● HOW TO COMPLETE THIS TASK: Your copy must hold every line of the records word for word. It must hold no pictures.

● EXERCISE INPUT:
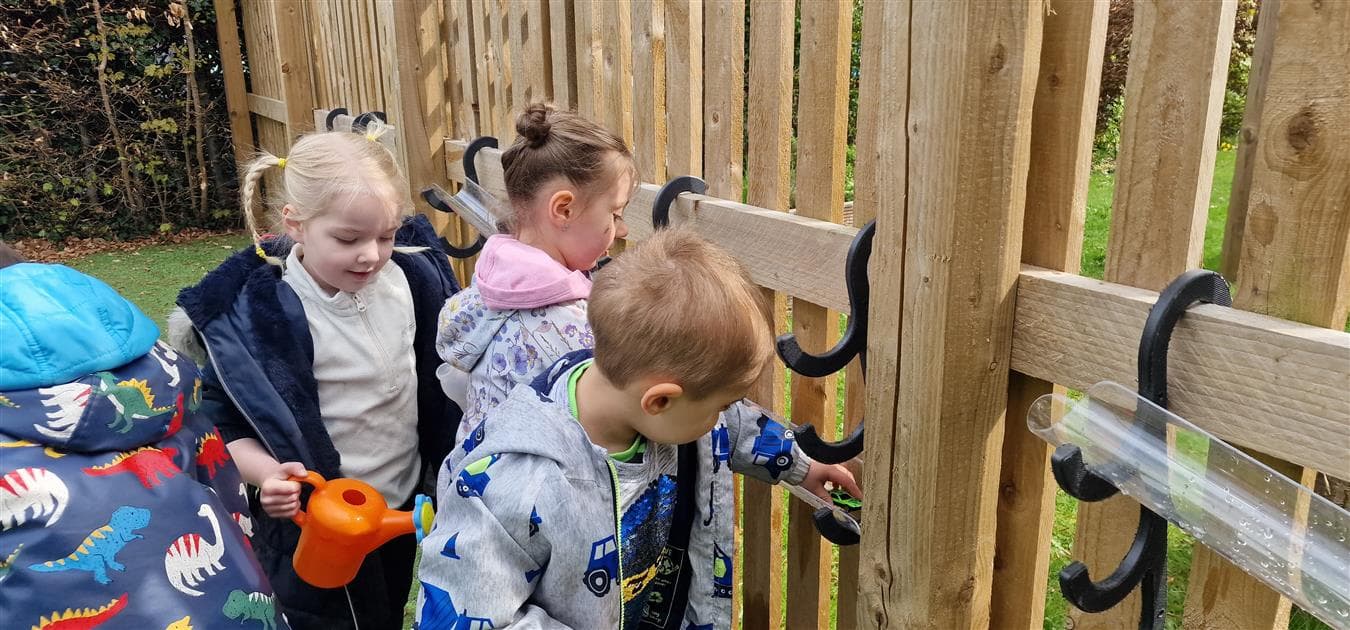 outdoor water channel hooks hat go on fencing in schools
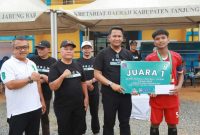 Sekda Tanjab Barat Hermansyah Menyerahkan Tropi Kepada Kapten Tim SMAN 9 Juara I JSFL 2025 (pro)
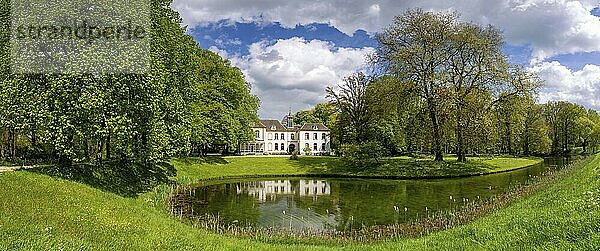 Blick auf das Herrenhaus te Baak  das sich in seinem Wassergraben spiegelt und von schönen Bäumen mit frischen grünen Blättern umgeben ist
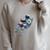 Astronaut Reading Book Sci-Fi Enthusiast Raglan Sleeve Sweatshirt Heather Forest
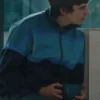 Close-up of Spike Fearn Movie Finding Emily 2026 Owen Brompton Blue Track Bomber Jacket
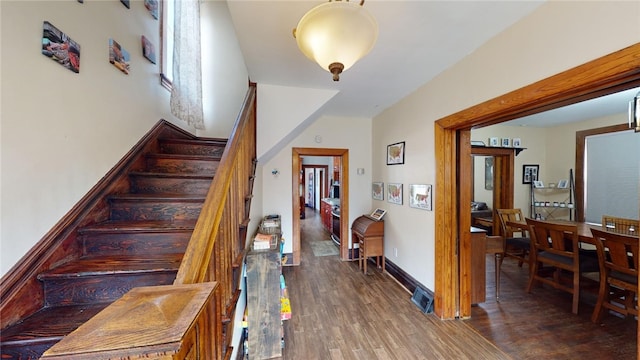 staircase featuring wood-type flooring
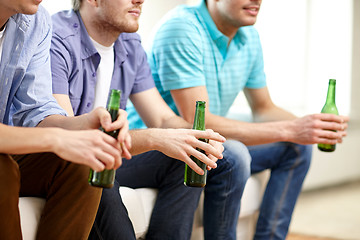 Image showing happy male friends with beer watching tv at home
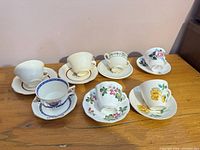 Seven assorted teacup and saucer sets displayed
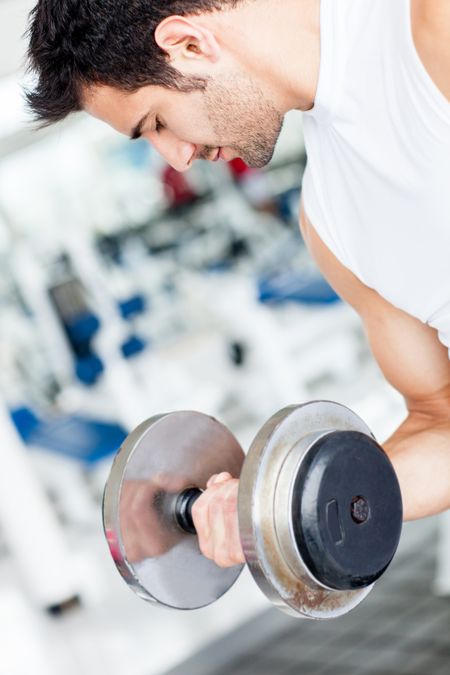 Handsome man working out at the gym lifting weights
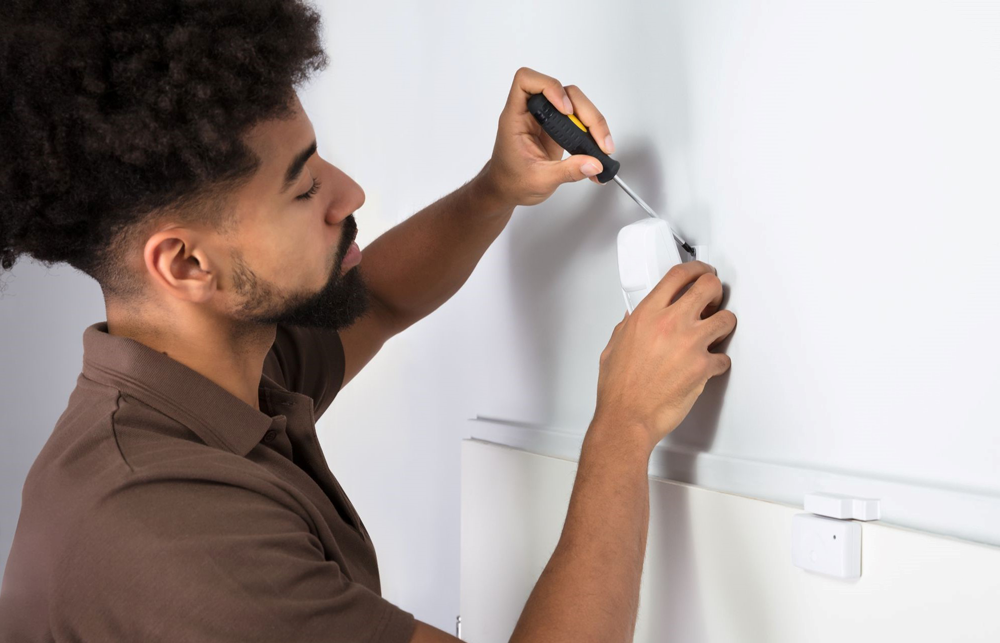 Technician installing motion sensor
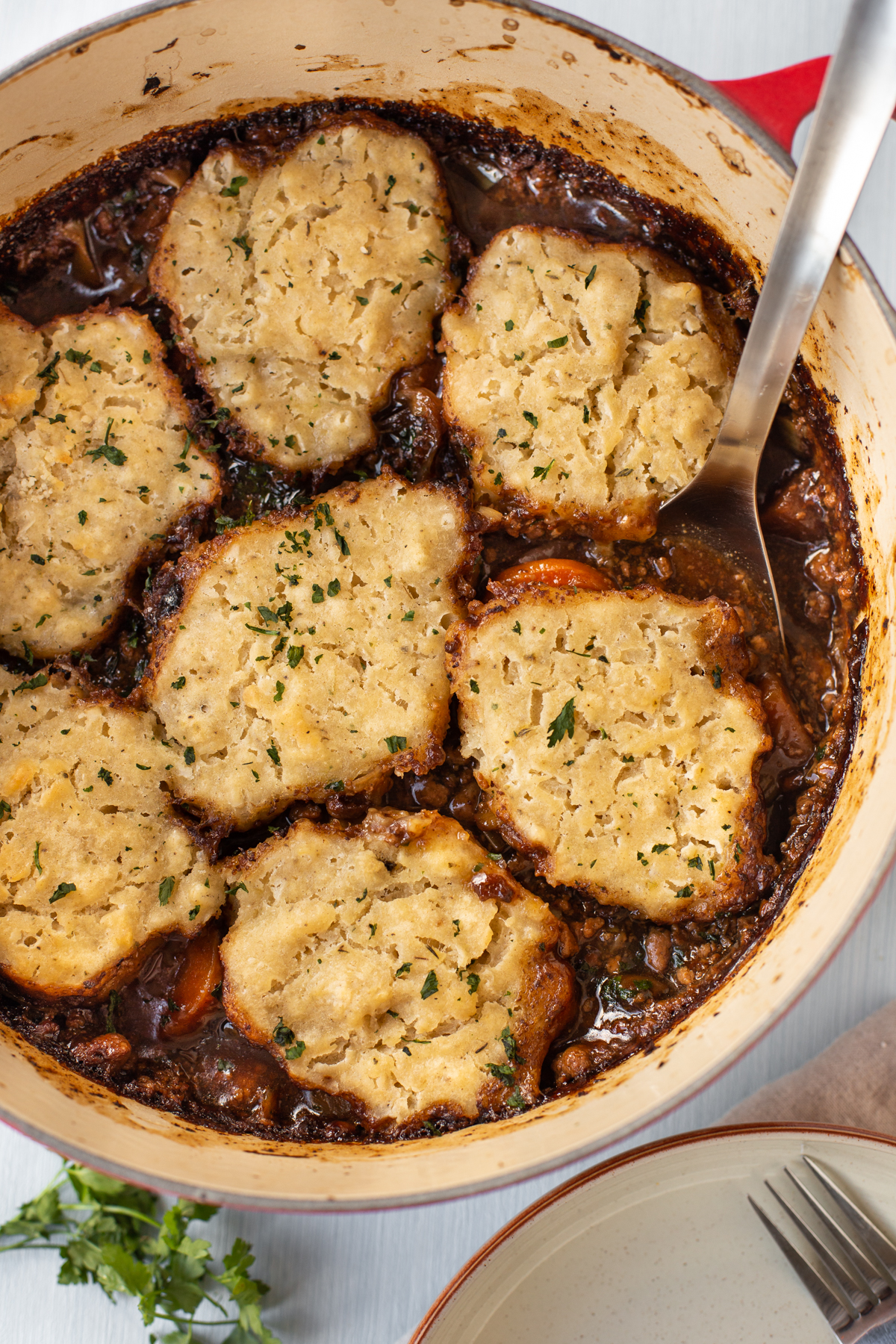 A large pot of vegetarian stew topped with suet dumplings.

● RESULT OF THE EXERCISE:
 outdoor water channel hooks hat go on fencing in schools
 Sekda Tanjab Barat Hermansyah Menyerahkan Tropi Kepada Kapten Tim SMAN 9 Juara I JSFL 2025 (pro)
 Blick auf das Herrenhaus te Baak  das sich in seinem Wassergraben spiegelt und von schönen Bäumen mit frischen grünen Blättern umgeben ist
 Astronaut Reading Book Sci-Fi Enthusiast Raglan Sleeve Sweatshirt Heather Forest
 Close-up of Spike Fearn Movie Finding Emily 2026 Owen Brompton Blue Track Bomber Jacket
 staircase featuring wood-type flooring
 Image showing happy male friends with beer watching tv at home
 Seven assorted teacup and saucer sets displayed
 Handsome man working out at the gym lifting weights
 Technician installing motion sensor
 A large pot of vegetarian stew topped with suet dumplings.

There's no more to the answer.